小林製薬が扱う商品群。日用品や医薬品まで多岐に渡る(撮影:尾形文繁)

原因が特定できず、リスクの大きさも予想することができない時点で、どのような対応を取るべきなのか? 難しい問題だが、企業がこうした問題に直面することは少なからずある。

一般的に言えば、その時点で把握できている情報を適正な範囲に公開し、並行して対応を行うことは重要だ。

小林製薬がそうしていれば、健康被害ももっと小規模なものに留められたのではないか?という見方は当然生じるだろうし、そうした迅速な対応をとらなかったことは批判されてもやむをえないことだ。

少なくとも、監督官庁である厚労省に早い段階で状況を報告し、相談することはできなかったのだろうか。厚労省への報告義務はなかったとはいえ、関係各所と適切に連携を図ることは、リスク対応においては重要である。監督官庁に報告しておけば、リスクの分散を図ることもできたはずだ。

「有事対応」の体制ができていなかった?

軍事用語から借用して、リスクマネジメントにおいて、問題が起きていない通常の状態を「平時」、危機的な問題が発生している状態を「有事」と呼んでいる。

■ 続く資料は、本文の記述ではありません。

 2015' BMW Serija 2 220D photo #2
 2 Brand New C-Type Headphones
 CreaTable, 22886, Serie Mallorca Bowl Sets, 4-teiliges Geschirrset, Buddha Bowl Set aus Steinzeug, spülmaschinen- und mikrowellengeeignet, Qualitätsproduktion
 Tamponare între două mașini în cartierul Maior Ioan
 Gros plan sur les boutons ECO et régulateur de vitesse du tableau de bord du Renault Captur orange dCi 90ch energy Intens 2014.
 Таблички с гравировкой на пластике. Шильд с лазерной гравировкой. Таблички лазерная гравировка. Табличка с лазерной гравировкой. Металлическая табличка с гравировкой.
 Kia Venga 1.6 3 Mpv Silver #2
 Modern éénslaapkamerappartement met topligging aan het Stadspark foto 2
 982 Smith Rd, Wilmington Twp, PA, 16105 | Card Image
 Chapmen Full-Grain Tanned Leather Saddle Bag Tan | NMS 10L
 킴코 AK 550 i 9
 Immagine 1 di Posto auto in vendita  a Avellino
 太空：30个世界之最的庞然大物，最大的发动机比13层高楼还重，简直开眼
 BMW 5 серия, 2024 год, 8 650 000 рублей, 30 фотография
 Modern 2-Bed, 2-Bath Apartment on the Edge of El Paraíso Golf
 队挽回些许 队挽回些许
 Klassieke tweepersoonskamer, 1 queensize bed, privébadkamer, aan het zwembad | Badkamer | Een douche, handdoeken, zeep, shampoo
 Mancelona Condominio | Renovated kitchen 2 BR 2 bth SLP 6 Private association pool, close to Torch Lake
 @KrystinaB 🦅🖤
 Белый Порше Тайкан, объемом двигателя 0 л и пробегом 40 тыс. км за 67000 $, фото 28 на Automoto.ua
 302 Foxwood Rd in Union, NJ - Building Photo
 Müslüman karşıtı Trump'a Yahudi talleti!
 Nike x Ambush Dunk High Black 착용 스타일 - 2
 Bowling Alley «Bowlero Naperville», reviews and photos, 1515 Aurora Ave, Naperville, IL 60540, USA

国家の運営と同様、企業経営においても平時対応と有事対応の両方が重要になる。しかし平時、つまり平和な状態が続くと、つい有事対応に疎くなりがちだ。平時においては業績が好調で評判もよい企業が、有事対応を誤り、さらなる危機に陥ってしまうことがある。

やや古い事例になるが、食中毒事件への事後対応を誤ったこともあって、経営危機に陥った雪印乳業の事例を思い出してみればよいだろう。

小林製薬についても、有事における初動対応が不十分、不適切であったがゆえに、現在の危機に陥ってしまったと言える。